I expect more and more folks will start to "discover" the real legal
implications of some of these types of applications. I'm sure we'll see some
story or what have you, and we'll all cry foul, even though the laws have been
in place for many years and we mostly (albeit somewhat unknowingly) abide by
them.

I also expect that folks will "discover" why we have central banks for
currencies, and why Alexander Hamilton was a Smart Guy.

While cryptocurrencies are new, the problems they'll face aren't--in fact,
we've solved these problems mostly in developed countries. They still exist
pretty readily in developing countries, though. What happens when we start
selling securities based around cryptocurrencies, such as derivatives? If you
think the SEC will allow Americans to buy, sell, and even _discuss_ securities
openly, you are out of your mind.

What about money laundering? When/if you ever work for a bank or an investment
firm in the US, you'll take some training around money laundering (there are
even tests at the end).
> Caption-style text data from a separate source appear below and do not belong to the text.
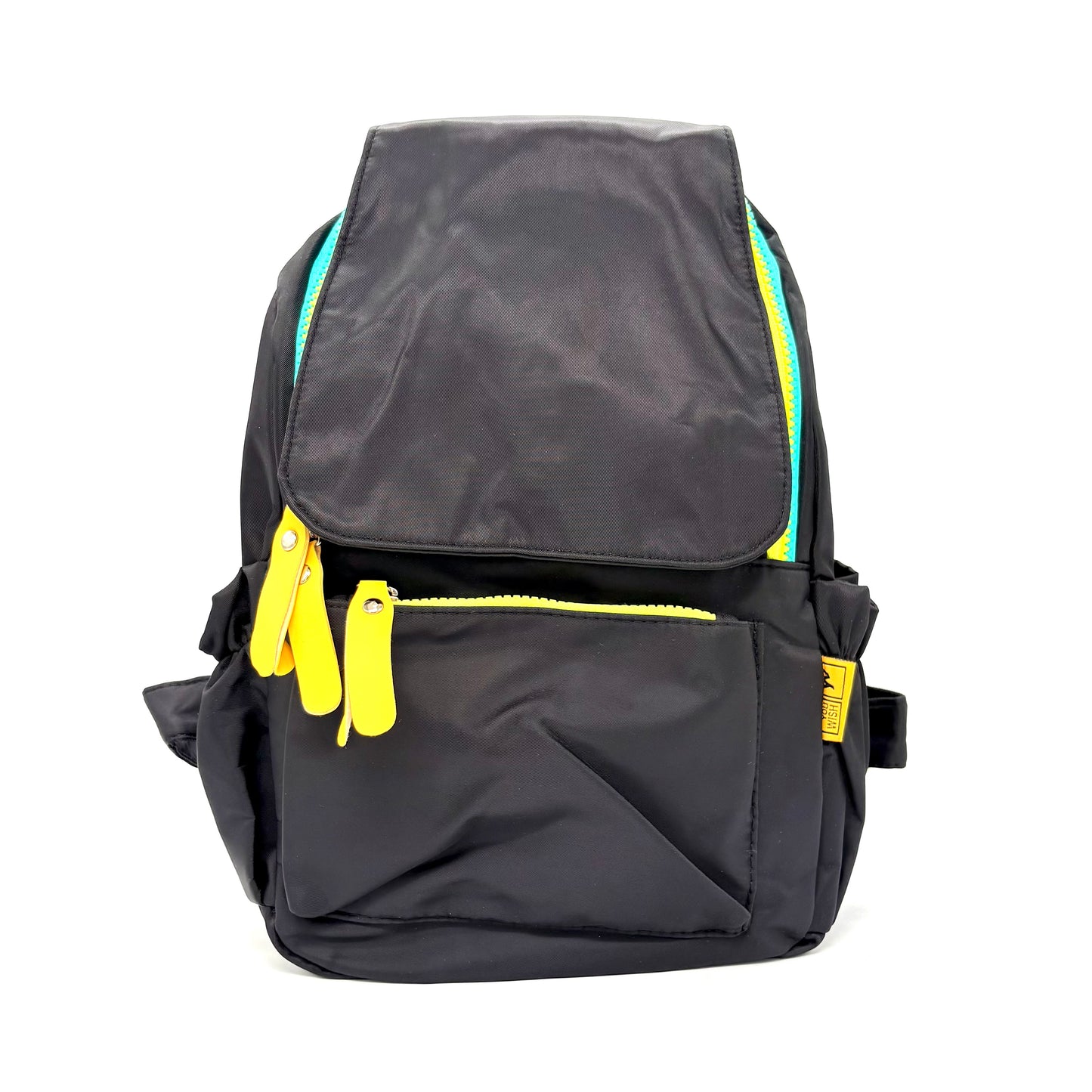 Colorful Nylon School Backpack for Kids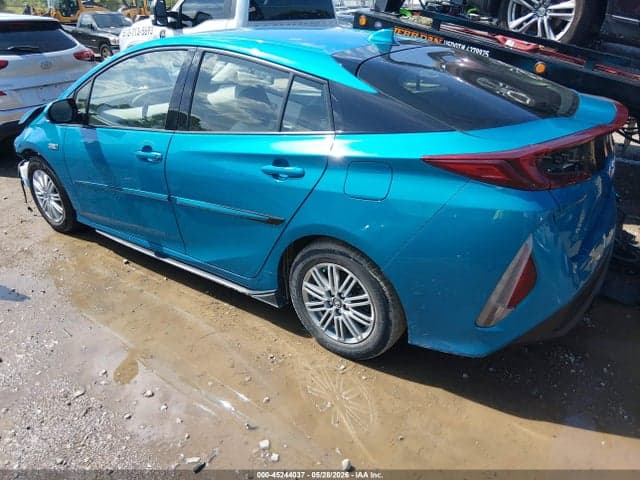 2018 TOYOTA PRIUS PRIME PREMIUM 3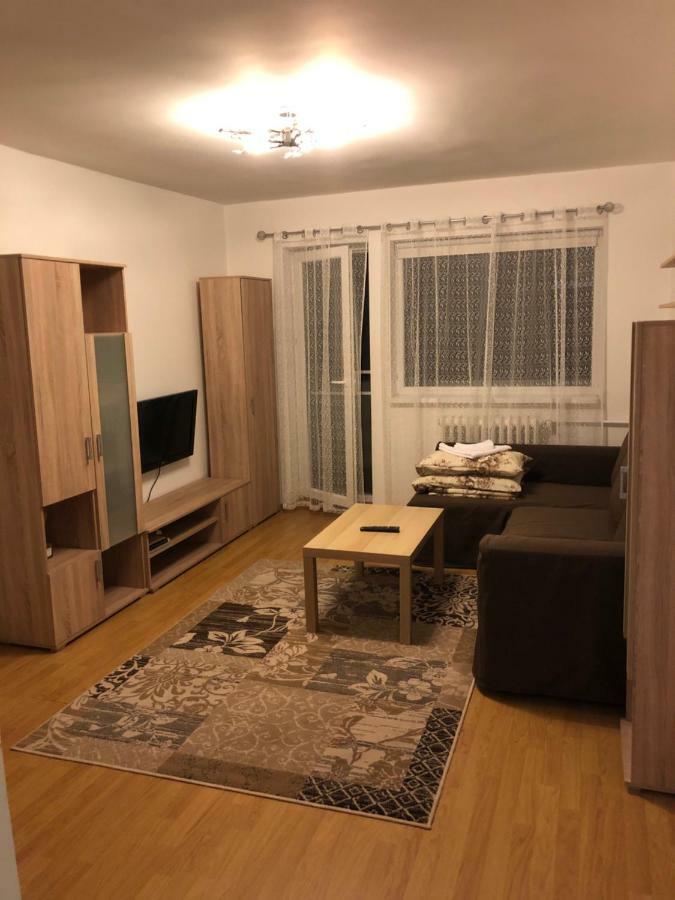 Agat Apartment คอนสตันซา ภายนอก รูปภาพ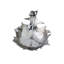 Majestic Forest Pewter Nut Bowl
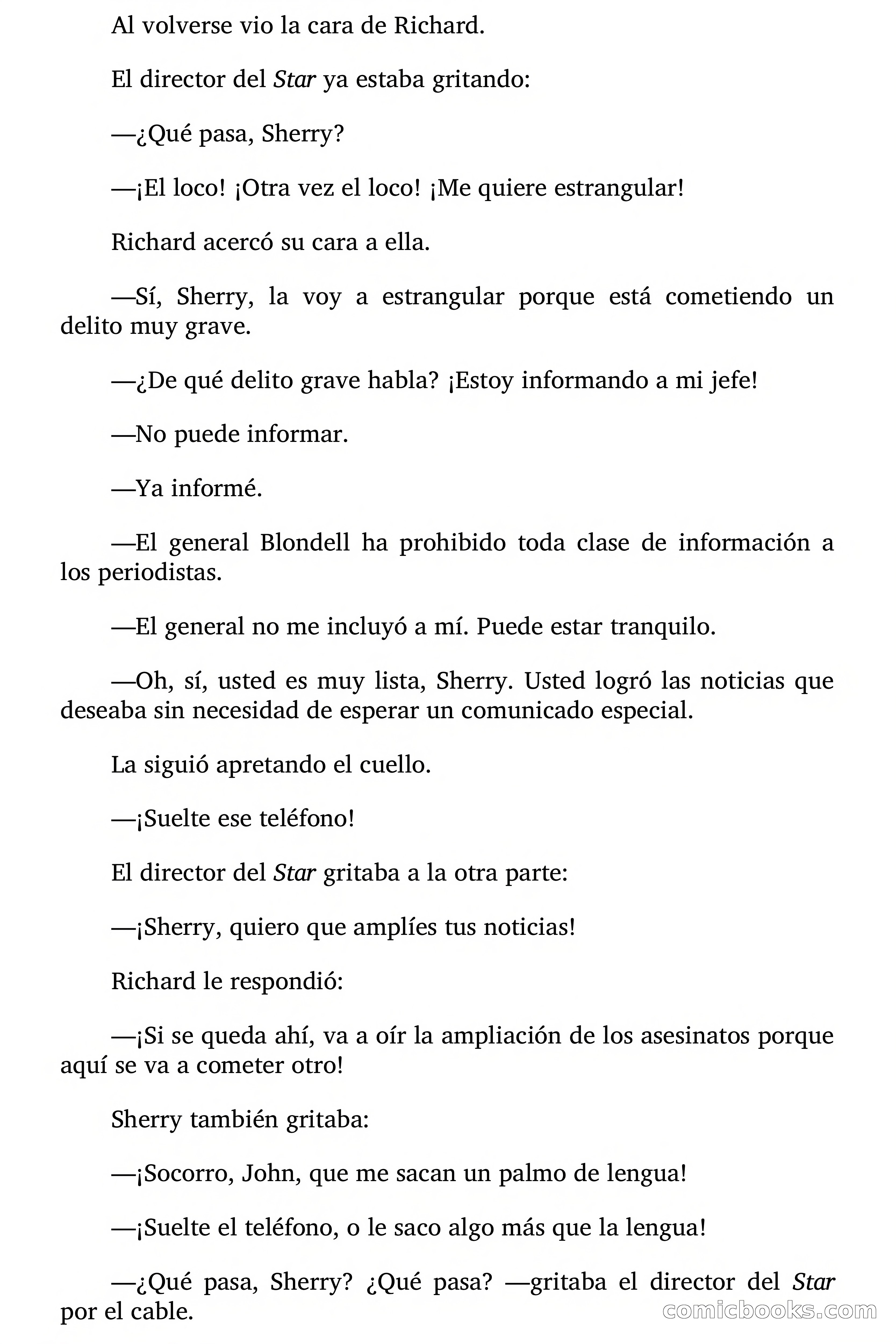 El regreso del Más Allá — page 58 of 108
The SEC (allegedly) holds these firms responsible for
spotting, reporting, and stopping money laundering schemes. What happens when
money laundering happens over an exchange? How will that be handled?

Sorry for the long-windedness...your anecdote just got me thinking.

------
kawliga
I wonder if one could create a pyramid scheme app out of this? An invite only
one.

1st guy - 100% mining load & all profit.

2nd and 3rd guy split the mining load and 99.99% of the profit.

and so on...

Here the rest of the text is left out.